The Federal Aviation Association (FAA) was created in order to protect air travelers from airplane crashes and airplane crash injuries – to keep those in flight safe until they reach their destination. But even in the government agency’s short history, the FAA has faced a number of controversies that have many questioning whether or not they are doing enough to prevent aircraft accidents.
Just last month, witness testimonies before Congress revealed that the FAA may be ignoring insider whistle-blowing – whether or not those blowing the whistle have valid concerns about aircraft safety or airline regulations. Others believe that the FAA has been influenced too much by lobbyists who have been hired by commercial airlines to promote company goals and success instead of passenger safety.
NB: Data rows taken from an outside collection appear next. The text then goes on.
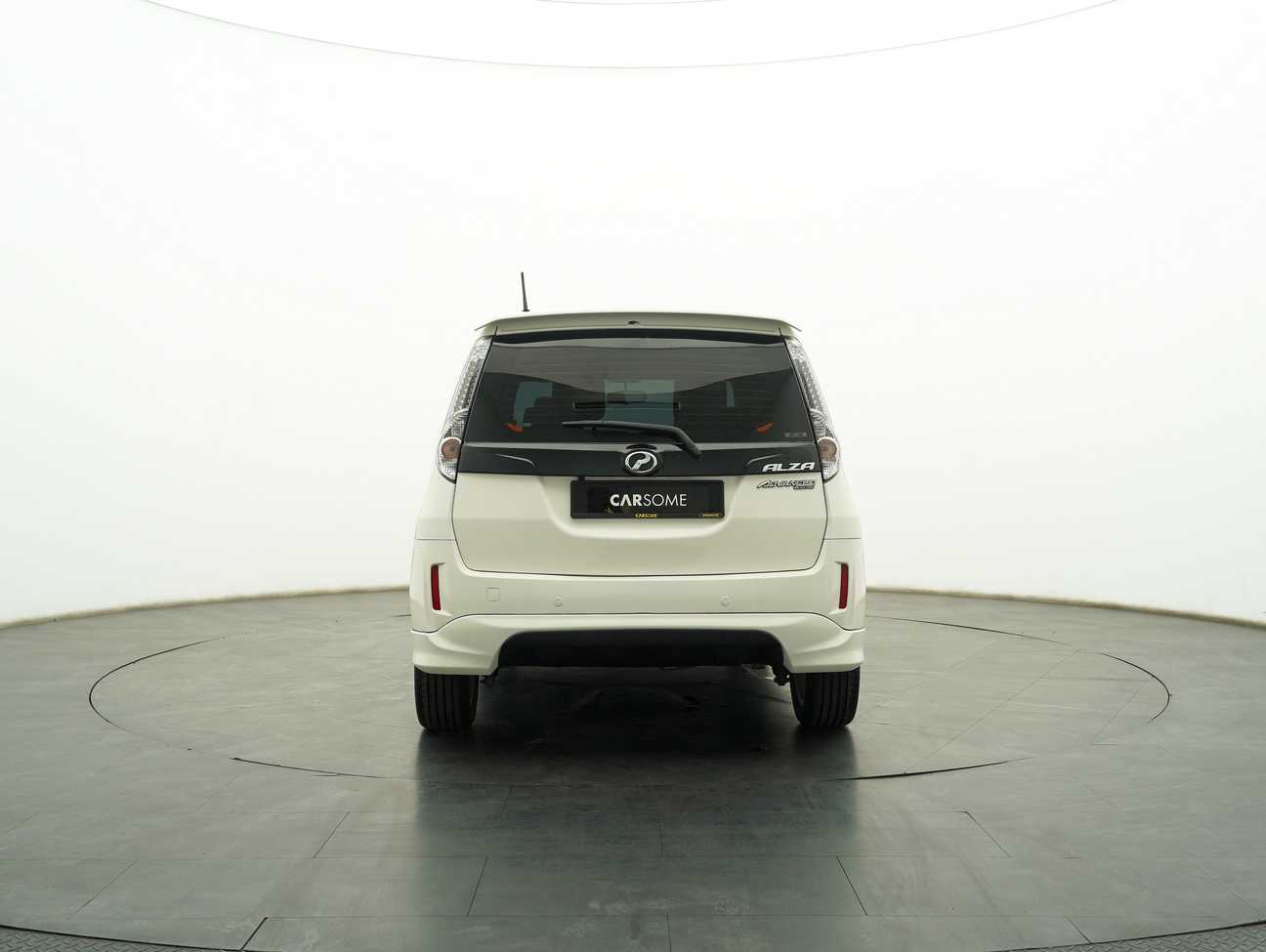 used 2019 Perodua Alza EZ 1.5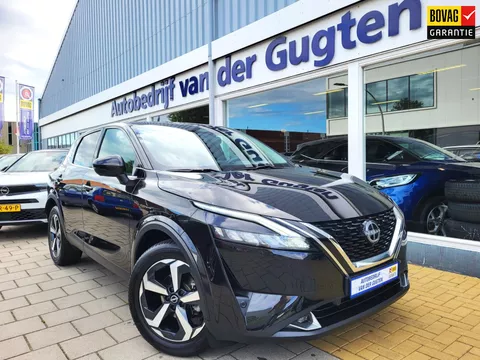 Nissan Qashqai 1.3 MHEV N-Connecta / 30.000 Km / Carplay & Android /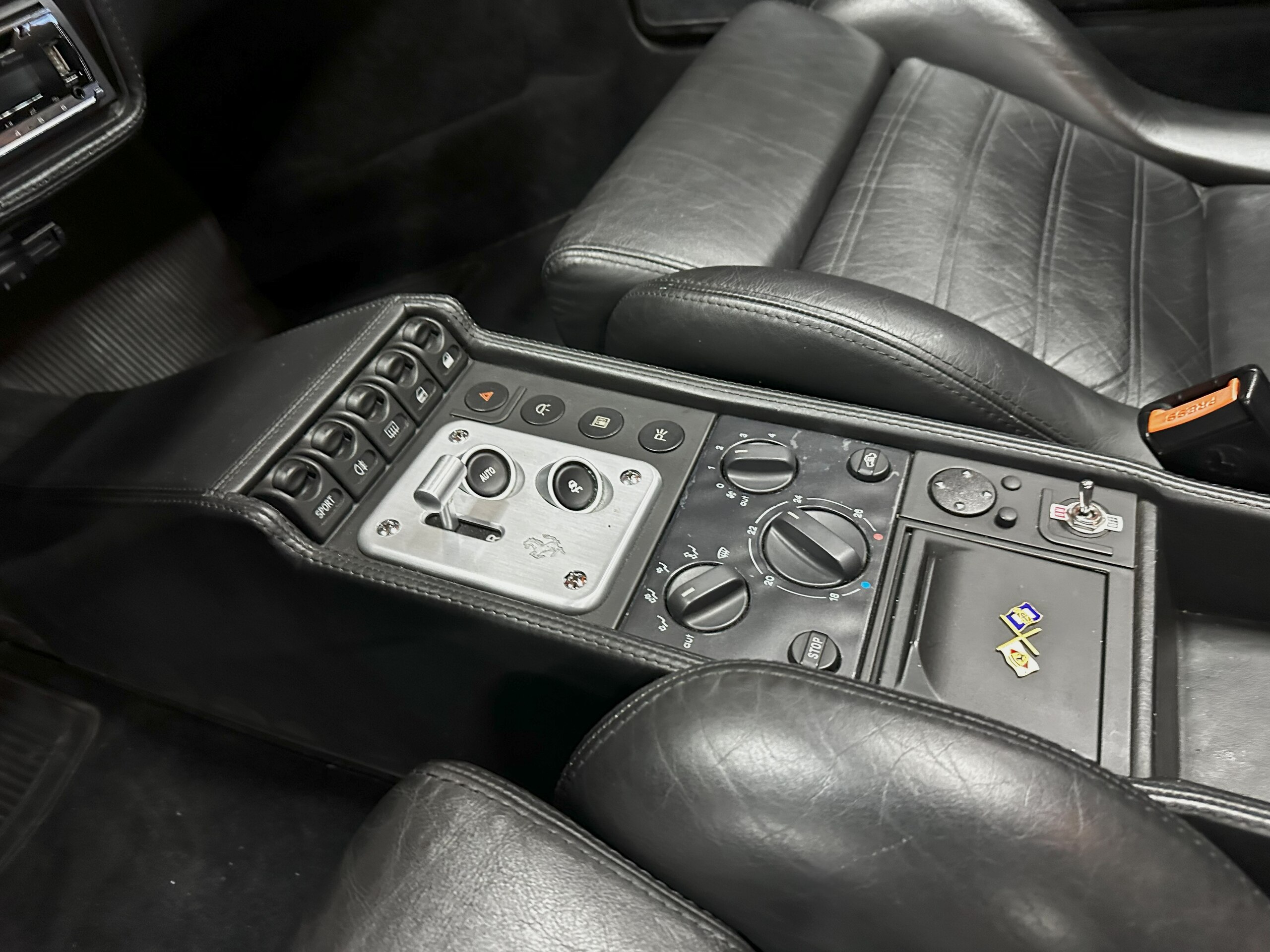 1999 Ferrari F355 GTS — Photo 13 / 19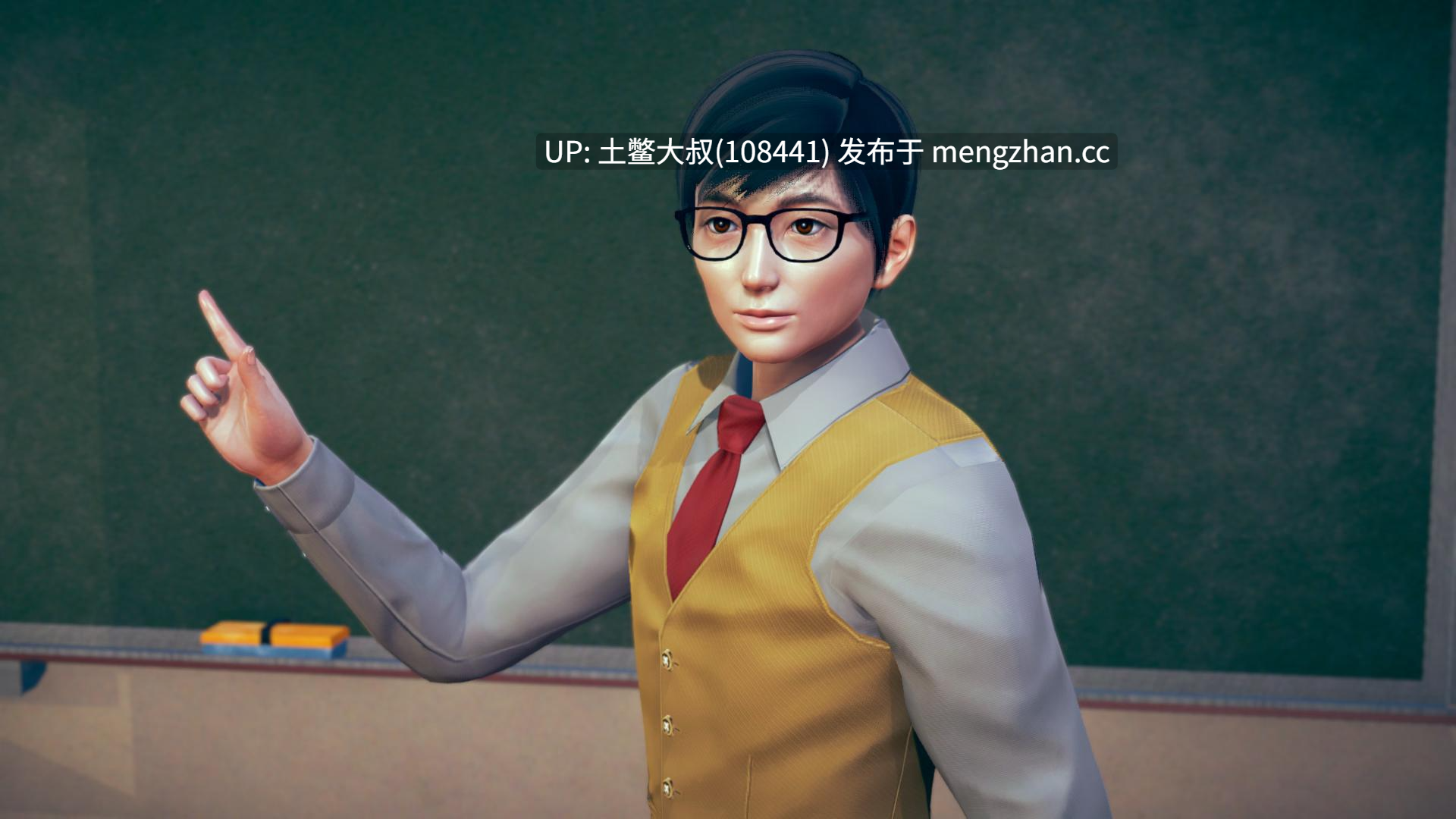 【3D亚洲SLG 动态 后宫 校园 机翻】水疗一日 A Day at the Spa [v0.96] 4.7gb-第10张图片-萌站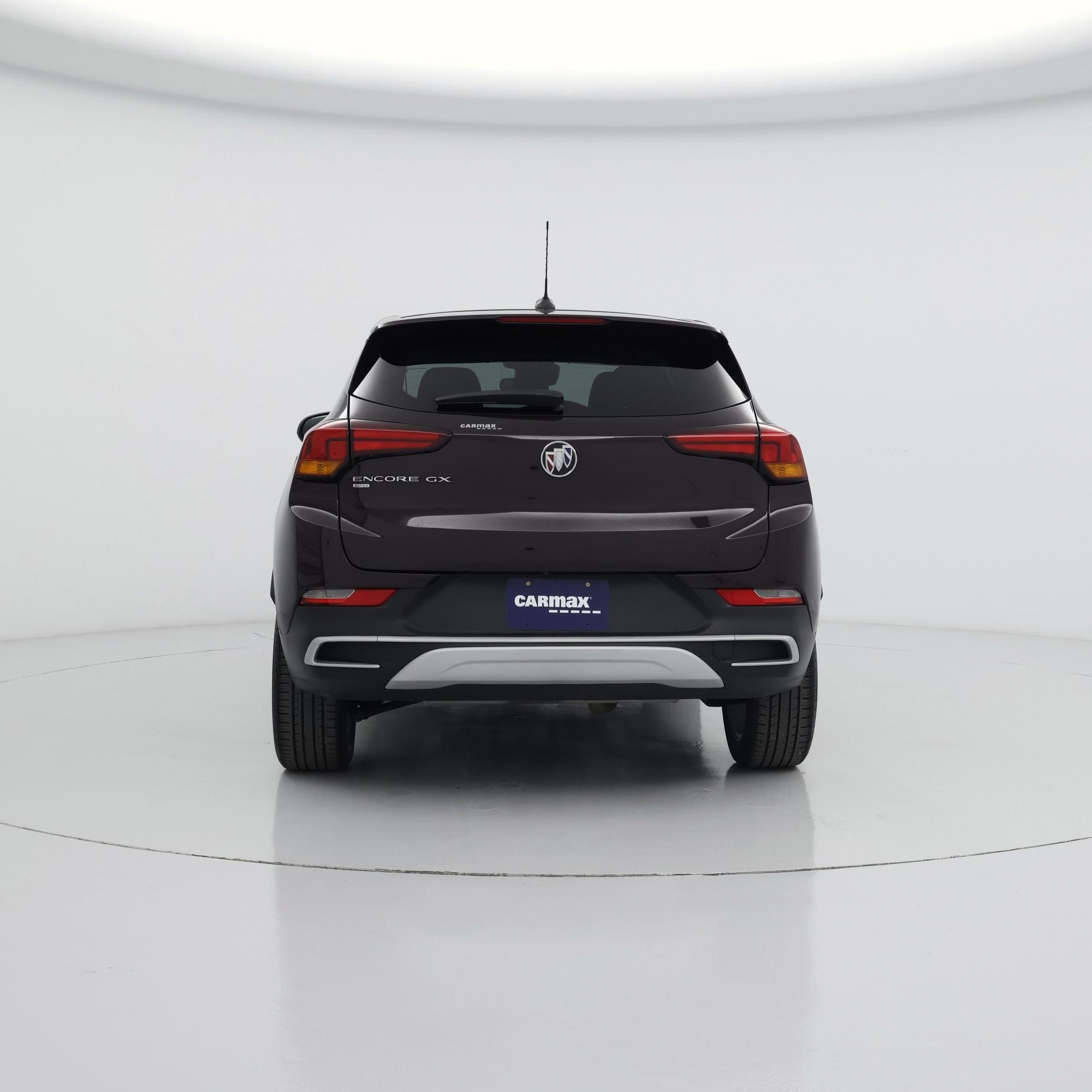 Thumbnail: 2020 Buick Encore GX - 6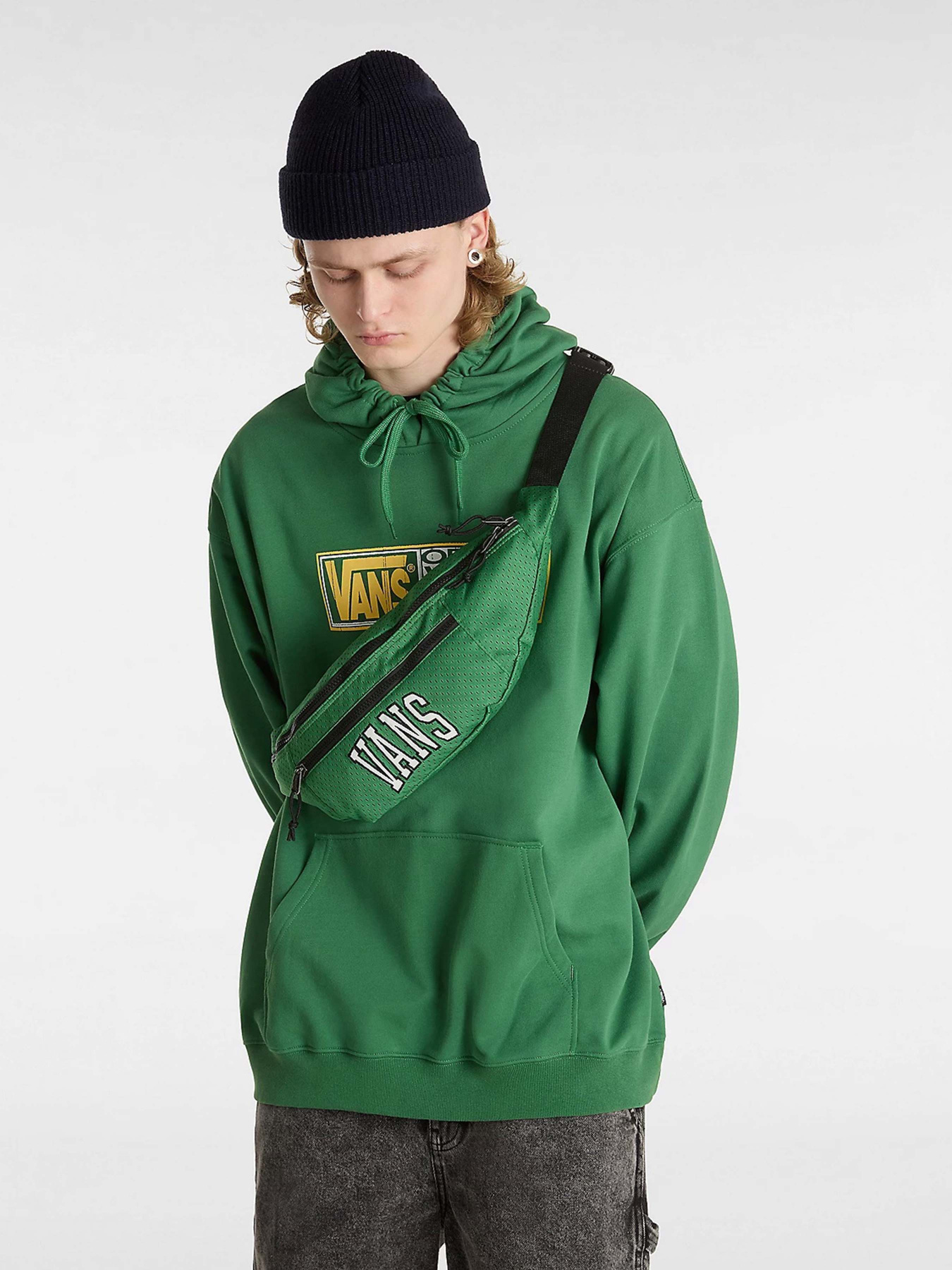 Поясная сумка Vans Mn Ward Pack модель VN0A2ZXXBR11 Поясная сумка Vans Mn Ward Pack модель VN0A2ZXXBR11 Фото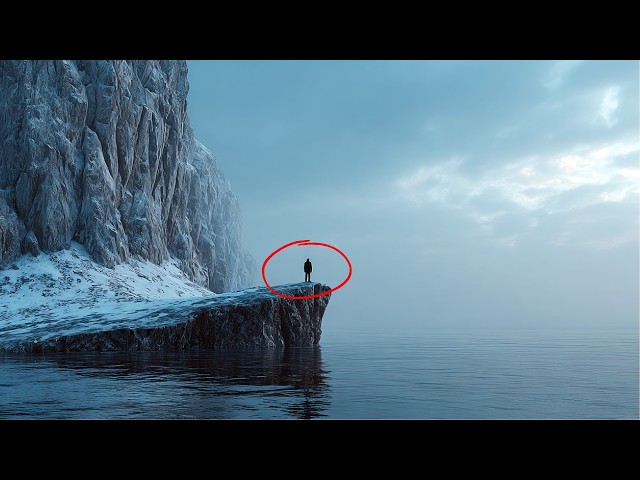 The Worst Place on Earth to Be Stranded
In 1996, the crash of a ValuJet carrying 110 passengers raised public awareness of some of the flaws of the FAA. Many said that the federal agency was not forward with the public regarding the cause of the plane crash, while others blamed federal regulations that allowed for outside contractors to perform maintenance on commercial aircraft. Another problem was that in 1996, the FAA had a dual purpose – to investigate airplane accidents and to promote flying to the American public. Luckily, today this conflict of interests no longer exists.
Over the years, Congress has passed a wide array of FAA reform legislation – much of which has helped the often-criticized agency improve its operations – but much more work needs to be done.